Le Stade Aurillacois dénonce une agression «intolérable» contre un journaliste en tribunes et annonce le dépôt d'une plainte officielle.
Un incident grave a éclaté vendredi soir dans les tribunes du stade Jean-Alric d'Aurillac. Un journaliste a été agressé lors d'une rencontre de Pro D2, provoquant une vive réaction de la direction du club cantalien. Le Stade Aurillacois a rapidement pris position, dénonçant des faits jugés inacceptables dans le monde du sport professionnel.

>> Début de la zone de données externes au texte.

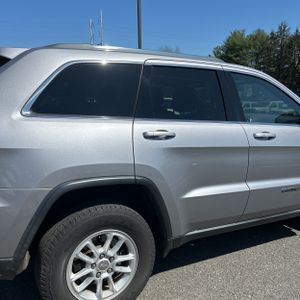 JEEP GRAND CHEROKEE LAREDO E - 9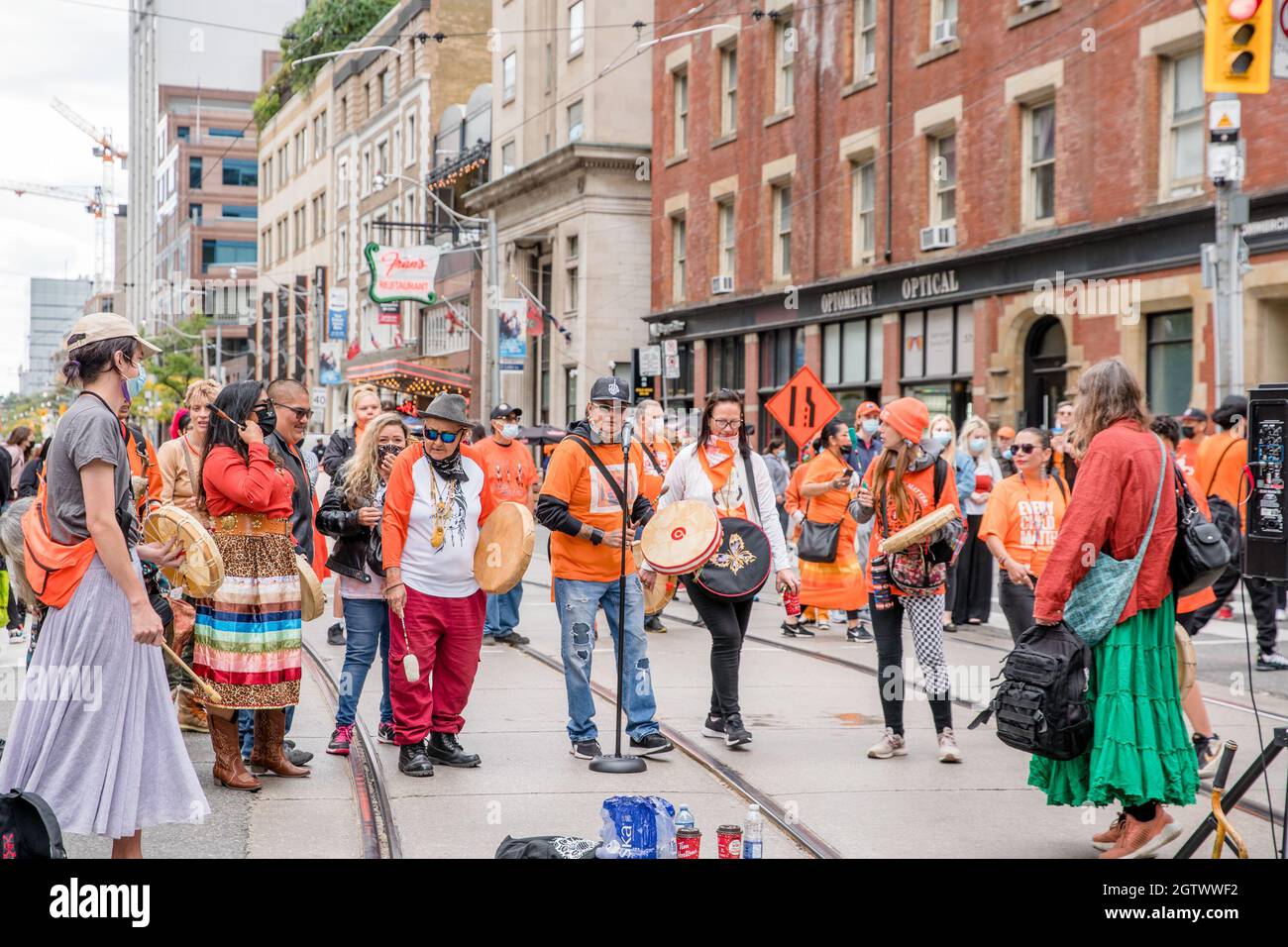 Menschen besuchen den Orange Shirt Day und den National Day of Truth and Reconciliation Day auf dem Dundas Square in Toronto, Ontario, um zu heilen, Bewusstsein zu schaffen und ris zu schaffen Stockfoto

Une agression condamnée sans réserve par le club
Le président du Stade Aurillacois, Christian Millette, a rapidement pris la parole pour réagir à cet acte choquant. Dans une déclaration ferme, il a qualifié l'agression d'acte «intolérable», rappelant que les journalistes exercent un métier essentiel et doivent pouvoir travailler en toute sécurité, y compris dans les enceintes sportives.
Le club a annoncé son intention de déposer plainte auprès des autorités compétentes. Une décision forte qui témoigne de la volonté du Stade Aurillacois de ne laisser passer aucun débordement, qu'il survienne sur le terrain ou en tribunes. Le message est clair : la violence n'a pas sa place dans le rugby professionnel français.
La sécurité en tribunes, un enjeu majeur pour le sport professionnel
Cet incident remet sur le devant de la scène la question de la sécurité dans les stades français. Les journalistes, photographes et membres de la presse présents lors des rencontres sportives sont régulièrement exposés à des situations tendues. Pourtant, leur présence est indispensable à la couverture médiatique du sport et à son rayonnement auprès du grand public.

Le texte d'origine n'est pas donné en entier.